As sure as daffodils bloom, the media decry soaring gasoline prices every spring. Washington Post columnist George Will notes:
The next wave of stories about "soaring" gas prices will predictably trigger some politicians' indignation about oil companies' profits. The day after Exxon Mobil's announcement that it earned $39.5 billion in 2006, Hillary Clinton said: "I want to take those profits, and I want to put them into a strategic energy fund that will begin to fund alternative smart energy, alternatives and technologies that will begin to actually move us toward the direction of independence."
Clinton's "take" reveals her confiscatory itch. Her clunky "toward the direction of" suggests that she actually knows that independence is as chimerical a goal as Soviet grain production goals were.
Interestingly, Will goes on to report:
In the 20 years from 1987 to 2006, Exxon Mobil invested more ($279 billion) than it earned ($266 billion). Five weeks after the company announced its 2006 earnings, it said it will invest $60 billion in oil and gas projects over the next three years. It will, unless a President Clinton and a Democratic-controlled Congress "take" Big Oil's profits, which are much smaller than Big Government's revenue from gasoline consumption.

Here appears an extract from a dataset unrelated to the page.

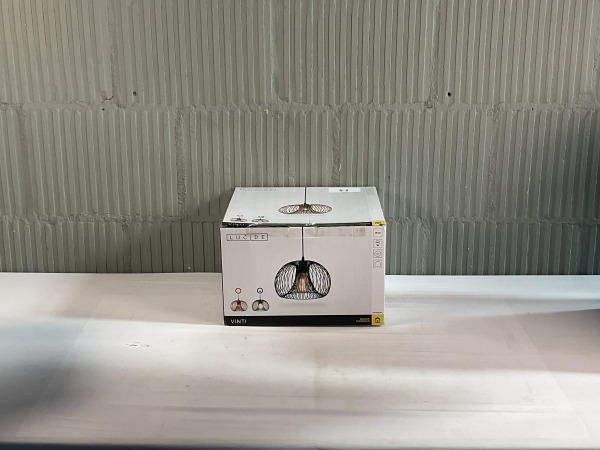 Lucide Vinti Hanglamp Zwart – foto 4 – kavel bij XL Auctions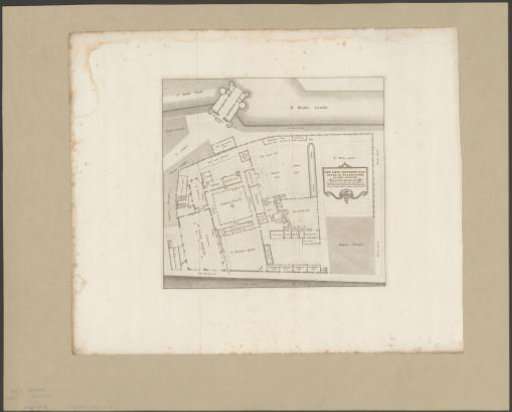 Plan of the Minderbroedersklooster in Amsterdam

Will also properly dismisses "peak oil" alarmism:
In 1971, according to M.A. Adelman, an MIT economist, non-OPEC countries had remaining proven reserves of 200 billion barrels. After the next 33 years of global economic growth, Adelman says, those countries had produced 460 billion barrels and had 209 billion remaining. As for OPEC countries, in 1971 they had 412 billion barrels in proven reserves; by 2004 they had produced 307 billion and had 819 billion remaining.
Note the adjective "proven." In 1930, U.S. proven reserves were 13 billion barrels. Then we fought a global war, fueled the largest, most sustained economic expansion in history and achieved today's electricity-powered "information economy." Today, America's proven reserves are about 30 billion barrels—not counting the perhaps 15 billion in the field discovered last year in deep water 175 miles off Louisiana's coast.
America produces about one-quarter of the 20.6 million barrels of oil it uses a day. Unfortunately, just as liberals love employees but not employers, they want energy independence but do not want to drill in the "pristine" (read: desolate) Arctic National Wildlife Refuge ( potential yield: 10.4 billion barrels) and are reluctant to countenance drilling offshore.
Whole Will column here.
Disclosure: I still have those 50 Exxon Mobil shares. Also, Exxon Mobil has been a periodic supporter of the Reason Foundation. I don't know when the company last made a contribution nor for how much–that's not my job. If Exxon Mobil wanted to give the Foundation a few more (or even more than a few) no-strings-attached bucks to support Reason's ongoing defense of free markets and free minds I'm pretty sure that our development folks would be happy to accept.